Weniger als 100 antirassistische Demonstranten hätten sich vor dem Gerichtsgebäude eingefunden: "Gegen den Nazi-Terror und den täglichen Rassismus". Sie forderten den deutschen Staat auf, noch mehr zu kämpfen gegen die von der extremen Rechten begangenen Verbrechen.

Der Artikel ist inzwischen von der Startseite entfernt.

Was mir in Frankreich oft begegnet: Kinder und Enkel der Kollaborateure und Mitläufer sind heute die besten Kämpfer gegen Adolf Hitler. Kinder und Enkel von Widerstandskämpfern differenzieren, scheren nicht alle über einen Kamm, kommen Deutschen erst einmal positiv gestimmt entgegen. 
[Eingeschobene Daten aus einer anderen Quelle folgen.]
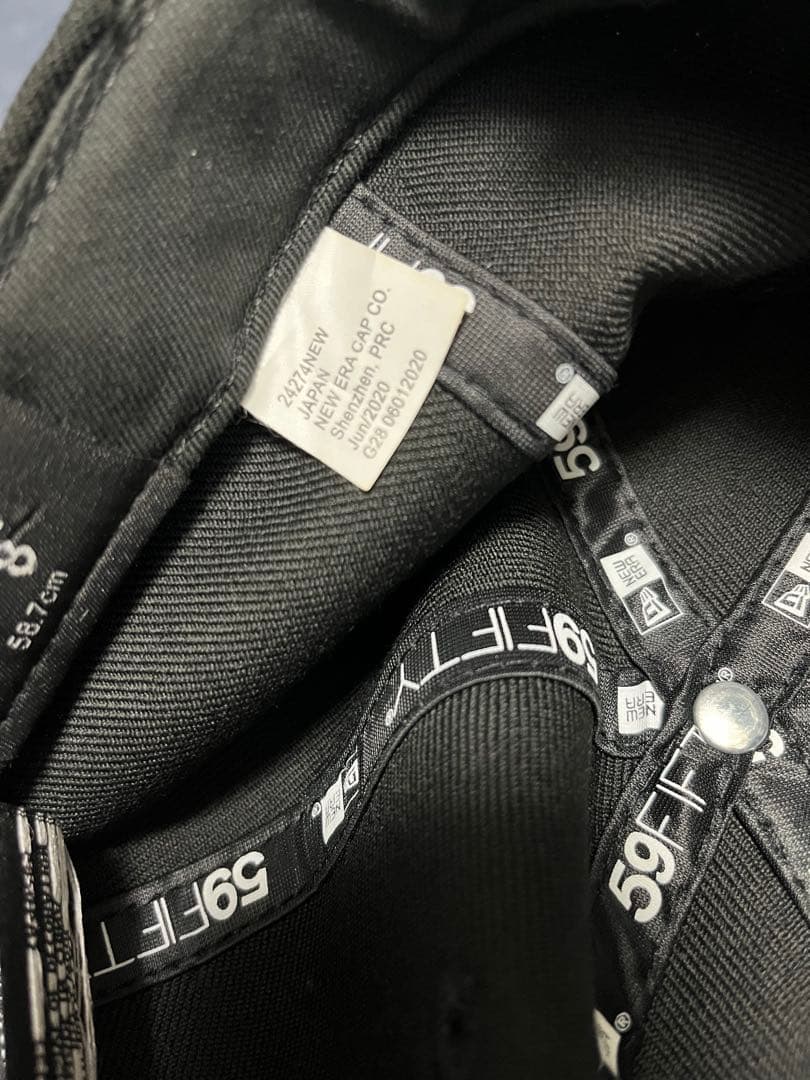 Supreme S Logo New Era® \"Black\" (20FW)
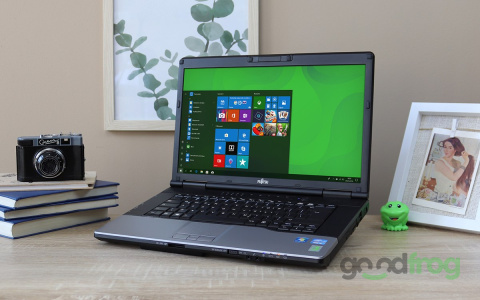 Fujitsu LifeBook E752 / 15-cali / Intel Core i5 / Windows 10 Fujitsu LifeBook E752 / 15-cali / Intel Core i5 / Windows 10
Im Artikel 163 ans d’histoire de l’Indépendant, 163 Jahre Geschichte des Indépendant, liest man: L'Indépendant erscheint nach der Besetzung von Zweidritteln Frankreichs durch die deutschen Truppen, Juni 1940, weiter, wie 78 Prozent der Presse der, bis 11. November 1942, nicht besetzten Zone. Das Blatt ist begeistert von der nationalen Revolution des Marschalls Philippe Pétain und begibt sich "auf den Weg der Kollaboration". 1940 erscheint es in einer Auflage von mehr als 50 000 Exemplaren auf zwei Seiten und kostet einen Alten Franc. L'Indépendant breitet sich in der Region des heutigen Languedoc-Roussillon aus. Direktor des Blattes ist seit 1935 Georges Brousse, bei Übernahme der Position 27 Jahre alt. Er ist überzeugter Anhänger des Ministerpräsidenten Pierre Laval, der eine noch intensivere Zusammenarbeit Frankreichs mit Deutschland fordert. Ab 1942 bekommt Georges Brousse Zweifel an den Auswüchsen der Kollaboration, aber L'Indépendant erscheint auch nach dem 11. November 1942 weiter, angeblich zur Sicherung der Arbeitsplätze und des Maschinenparks. Er schreibt nicht mehr fürs Blatt, mit der im Januar 1943 von Pierre Laval gegründeten französischen Nazi-Miliz im Streit, verweigert sich L'Indépendant den Anforderungen der deutschen Besatzer und der Vichy-Regierung. Am 4. März 1944 wird Georges Brousse verhaftet, am 26. April deportiert und 1945 von den Deutschen ermordet. Bis zur Libération, der Befreiung der Pyrénées-Orientales, 19. August 1944, ist L'Indépendant nur noch ein Propagandainstrument im Dienste der Nazis und der Ultras der Kollaboration. 

Am 20. August 1944 wird sein Erscheinen verboten. Das Verbot dauert sechs Jahre.

L'Indépendant ist heute immer auf der Seite der Immigranten, der Muslime, unterstützt den Moscheebau, die Begeistrung über den Islam serein, den heiteren Islam, kennt keine Grenzen, die Muslime können die Journalisten leicht einseifen, sie merken es nicht einmal. Das Blatt ist auch sonst politisch korrekt. Deutschland, Angela Merkel und die deutsche Politik sind im Indépendant nicht sehr beliebt, wenn denn überhaupt etwas darüber erscheint. Auch über Österreich gibt's nur Schelte: Autriche. L'Académie de médecine était nazie, 17. Februar 2013. Endlich hätte die Akademie das zugegeben: Die medizinische Akademie Österreichs war Nazi. In für Frankreich entscheidenden Fragen, z.B. der "Ehe für alle", ist L'Indépendant nach allen Seiten offen und äußert ein deutliches JEIN. Was den neuen Papst angeht, so hoffen die Katalanen angeblich auf einen, wie Johannes-Paul II. gewesen ist. Benedikt XVI. bleibt dem Indépendant allzeit ferne.

Von Zeitungen wie dem Figaro und dem Indépendant werden die Franzosen über Deutschland nicht informiert, sondern sie werden indoktriniert. Ich bin gespannt, was ich noch so alles im Laufe des NSU-Prozesses vorgesetzt bekomme.